That is an excellent idea.

And we’d be back to where only the wealty could afford college along with the handful lucky enough to get into a true meets needs school. Seems there really needs to be a happy medium.

Oh, puhleeze. We’d be back to where the less wealthy could not attend a private, sleep-away college, but so what? Isn’t the goal to educate the masses in an economic and efficient manner, not to educate them in a 3-star resort?

So that’s why there’s less than 20% college educated adults over age 25 in my county? Due to not being able to go to a three star resort? Silly me believed stories about not being able to afford even local schools, so having to just get jobs.

Glad you made it clear what the correct answer is.

Sadly some I know who end up having to get a job because the figures aren’t affordable end up drowning their sorrows in cheap escapes. Then some go on to drown. I always wonder what their lives could have been like.

It’s not always terrific for those who go to college/trade school either, but at least they had a chance.

Some students want to get jobs after high school as Plan A. I’m not talking about those kids. I’m talking about those who are accepted and can’t afford to pay for it, often even if they start at cc. In PA, basic loans and Pell don’t cover much.

^^ Except that student loans used to be dischargeable in bankruptcy and guess what - a lot of college grads filed bankruptcy and discharged those loans! I knew student who planned to do just that and bought a stereo after graduation because, well, why not? It was going to be free! Trip to Mexico post graduation on the credit cards? Sure. Don’t scrimp and save during college because it’s all going to be discharged.
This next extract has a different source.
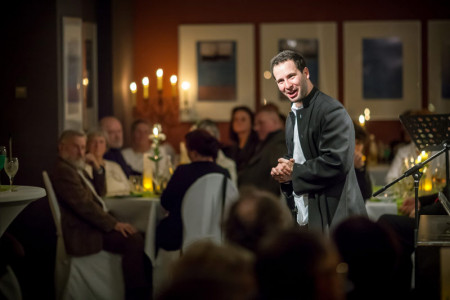 Die Warnemünder Veranstaltungsreihe "Kultur trifft Genuss" findet am 22. November statt. Karten für diese Kultveranstaltung sind ab sofort erhältlich. Die Warnemünder Veranstaltungsreihe "Kultur trifft Genuss" findet am 22. November statt. Karten für diese Kultveranstaltung sind ab sofort erhältlich.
Banks started lending to students because the ‘new’ bankruptcy law made loans non-dischargeable. Now, the Dodd-Frank act would severely limit the availability of unsecured lending a bank can have on its books. Student loans are an exception because they can’t be discharged so the banks have more leeway in making them.

If the government wants to make school free then do it. I don’t agree with giving some students the ability to take loans they aren’t going to repay and then expect the taxpayers to pick up the tab when they file bankruptcy. Other students are going to cheaper schools and working their way through, taking less in loans. That’s what I did, that’s what my kids did. - we picked cheaper schools and worked while our friends borrowed more to go to more prestigious schools.

I can’t believe there was $40M in student/PLUS loans to be paid for 400 students at Morehouse. Average of $100 grand per student. IMO, those students shouldn’t be borrowing that much or allowed to borrow that much. Morehouse should be ashamed that its students have that much in debt.